Deze keer zelf op het fietsje. Dat lukt nog wel terug, en anders piep ik mijn redder in nood op. Op de één of andere manier verheug ik me er een beetje op. De zorg hier is altijd goed en stabiel. Dat was op de locatie wel eens anders. Fijn om zo de bezoeken af te kunnen sluiten!
Helaas is er ook nu weer onduidelijkheid over de maat van de naald. Als die er eindelijk inzit, wordt hij dubbel afgeplakt. Is nog nooit gebeurd maar het zal wel. Ik doe mijn ogen dicht en luister naar de muziek op mijn koptelefoon. Een half uur later pak ik het meegenomen schrift, en maak een lijstje, of lijst, van alles wat door mijn hoofd spookt wat ik nog ‘moet’ doen de komende tijd. Wordfeud nog wat. Door de dizzy in mijn hoofd is de mobiele telefoon niet mijn grootste vriend op dat moment. Naar het toilet om de ruime liter vocht die ik ondertussen heb moeten drinken kwijt te raken. Dan zit de zometa erin, en kan het vocht aan het infuus. Twintig minuten zegt de verpleegkundige. Ik zeg dat tien minuten ook goed is. Dat dat altijd gebeurt. Ze trekt haar wenkbrauwen op, zet de pomp wat harder en verzoekt mij om te bellen als de tien minuten om zijn. Ondertussen pak ik mijn spullen in, drink nog wat en de tijd is om.
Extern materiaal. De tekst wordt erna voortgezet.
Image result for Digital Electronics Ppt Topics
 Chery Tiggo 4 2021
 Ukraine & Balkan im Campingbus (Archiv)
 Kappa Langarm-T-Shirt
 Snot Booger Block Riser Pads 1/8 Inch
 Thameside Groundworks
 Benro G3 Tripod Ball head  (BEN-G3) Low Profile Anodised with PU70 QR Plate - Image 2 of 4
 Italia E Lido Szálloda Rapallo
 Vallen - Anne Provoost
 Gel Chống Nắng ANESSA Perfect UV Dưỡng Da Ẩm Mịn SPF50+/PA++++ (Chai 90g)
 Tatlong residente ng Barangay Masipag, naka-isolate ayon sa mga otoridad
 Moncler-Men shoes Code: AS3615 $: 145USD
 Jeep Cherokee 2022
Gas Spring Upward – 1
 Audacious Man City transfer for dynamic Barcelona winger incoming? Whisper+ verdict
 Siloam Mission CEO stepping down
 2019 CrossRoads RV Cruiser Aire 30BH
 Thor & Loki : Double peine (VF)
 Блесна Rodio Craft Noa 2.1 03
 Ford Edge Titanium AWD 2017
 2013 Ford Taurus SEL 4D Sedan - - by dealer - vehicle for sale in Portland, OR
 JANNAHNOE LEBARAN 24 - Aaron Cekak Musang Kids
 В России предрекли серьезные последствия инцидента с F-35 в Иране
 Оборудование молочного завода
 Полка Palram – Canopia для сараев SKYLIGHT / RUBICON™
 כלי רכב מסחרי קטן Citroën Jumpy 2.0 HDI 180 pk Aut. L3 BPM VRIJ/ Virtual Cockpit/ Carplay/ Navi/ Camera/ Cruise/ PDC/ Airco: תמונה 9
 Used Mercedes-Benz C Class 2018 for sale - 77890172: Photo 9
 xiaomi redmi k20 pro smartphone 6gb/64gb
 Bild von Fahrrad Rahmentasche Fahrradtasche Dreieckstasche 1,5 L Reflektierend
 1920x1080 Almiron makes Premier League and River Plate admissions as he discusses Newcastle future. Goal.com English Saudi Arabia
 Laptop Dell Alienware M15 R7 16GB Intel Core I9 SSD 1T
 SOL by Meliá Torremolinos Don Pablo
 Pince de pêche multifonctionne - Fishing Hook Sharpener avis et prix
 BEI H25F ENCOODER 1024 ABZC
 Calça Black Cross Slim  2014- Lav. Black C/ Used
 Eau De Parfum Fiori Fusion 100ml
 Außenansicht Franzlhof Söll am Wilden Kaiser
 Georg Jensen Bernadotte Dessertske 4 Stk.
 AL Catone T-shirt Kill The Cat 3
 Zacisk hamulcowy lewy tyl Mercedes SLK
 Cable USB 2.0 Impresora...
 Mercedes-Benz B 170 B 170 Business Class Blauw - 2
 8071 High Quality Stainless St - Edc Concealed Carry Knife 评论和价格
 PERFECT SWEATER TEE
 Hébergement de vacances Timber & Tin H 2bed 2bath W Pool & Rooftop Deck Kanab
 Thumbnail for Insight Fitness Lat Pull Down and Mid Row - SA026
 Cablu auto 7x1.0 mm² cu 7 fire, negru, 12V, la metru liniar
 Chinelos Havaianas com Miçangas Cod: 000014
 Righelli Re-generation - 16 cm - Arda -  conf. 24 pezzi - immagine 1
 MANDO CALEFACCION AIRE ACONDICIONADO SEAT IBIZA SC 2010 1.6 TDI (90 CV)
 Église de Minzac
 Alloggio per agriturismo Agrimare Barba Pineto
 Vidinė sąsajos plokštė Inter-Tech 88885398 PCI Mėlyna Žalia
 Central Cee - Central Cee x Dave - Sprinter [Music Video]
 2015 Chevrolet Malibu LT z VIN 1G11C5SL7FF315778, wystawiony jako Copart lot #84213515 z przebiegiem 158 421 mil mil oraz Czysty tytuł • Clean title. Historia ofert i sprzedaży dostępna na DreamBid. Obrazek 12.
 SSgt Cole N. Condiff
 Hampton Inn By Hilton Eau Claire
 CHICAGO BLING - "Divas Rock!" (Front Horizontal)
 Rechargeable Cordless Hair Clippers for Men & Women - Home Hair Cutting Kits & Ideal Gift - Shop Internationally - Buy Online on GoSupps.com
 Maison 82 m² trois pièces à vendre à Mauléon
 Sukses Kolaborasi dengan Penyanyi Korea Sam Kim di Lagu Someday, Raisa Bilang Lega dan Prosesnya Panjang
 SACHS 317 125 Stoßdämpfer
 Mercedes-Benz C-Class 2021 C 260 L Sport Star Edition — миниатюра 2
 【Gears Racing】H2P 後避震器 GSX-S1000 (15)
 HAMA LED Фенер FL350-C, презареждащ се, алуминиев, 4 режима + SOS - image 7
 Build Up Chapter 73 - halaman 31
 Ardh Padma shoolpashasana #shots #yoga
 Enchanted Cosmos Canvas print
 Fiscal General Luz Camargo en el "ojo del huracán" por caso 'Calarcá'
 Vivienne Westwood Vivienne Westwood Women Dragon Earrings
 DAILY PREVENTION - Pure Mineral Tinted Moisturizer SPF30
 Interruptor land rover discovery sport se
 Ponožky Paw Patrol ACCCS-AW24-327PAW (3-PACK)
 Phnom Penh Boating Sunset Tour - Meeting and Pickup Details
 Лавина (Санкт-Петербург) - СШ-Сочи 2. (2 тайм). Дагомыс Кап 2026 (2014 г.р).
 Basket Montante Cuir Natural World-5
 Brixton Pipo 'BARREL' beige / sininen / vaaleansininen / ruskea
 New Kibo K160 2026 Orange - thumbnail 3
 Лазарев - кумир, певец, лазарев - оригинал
Normaal gesproken voel ik weinig tot niks van het verwijderingen van de naald maar nu steekt het. De verpleegkundige moppert. Het is een voor haar nieuwe naald die op een andere manier verwijderd moet worden. Door het stevige inpakken, kon ze nu niet bij de vleugels die ervoor zorgen dat de winkelhaak aan het einde van de naald naar binnen gehaald wordt. Lekker hoor. Ze zegt verder niks maar ik weet, en voel, dat er nu een groter wondje zit dan normaal. Jammer. Ik vraag haar wat nu het protocol is voor het onderhoud van de port-a-cath. Het om de zes weken laten doorspuiten hoeft namelijk niet meer. Daar weet ze echter niks van. Moet ik maar aan de arts vragen. Prima. Ben er snel genoeg weer voor controle. Ik trap naar huis en duik mijn bed in. Lest best denk ik. Even later word ik verwend met een uitgebreide lunch. Al waren de infusen prima te overzien, ik ga het niet missen. Die lunch op bed wel. Duik over drie maanden gewoon weer rond 12 uur mijn bed in. Eens kijken of het werkt.
Loslaten
Daar gaat ‘ie dan. Ons ietwat schuchtere jongetje. Op werkweek naar Italië. Alleen is dat jongetje geen vier jaar meer maar bijna vijftien. En dat schuchtere is een stuk minder geworden. Een puber die langer is dan ik, en er enorm veel zin in heeft. Geen problemen heeft met een weekje zonder zijn ouders. Deze moeder heeft er ook geen probleem mee. Heerlijk voor hem en de anderen dat dit door kon gaan! Maar enig sentiment is er wel. Zo ook bij de meeste andere puberouders. Blijkt uit de gesprekken die ik voer en hoor. En de opmerking van een vader wanneer de bus vertrokken is en de ouders zich verspreiden: ‘Sterkte mensen!’ Ik kan er smakelijk om lachen. Denk aan de zorgvuldig ingepakte tas, met in ieder geval genoeg te eten. Teveel. Helemaal loslaten hoeft nou ook weer niet toch? Moeder ook gewoon graag een beetje.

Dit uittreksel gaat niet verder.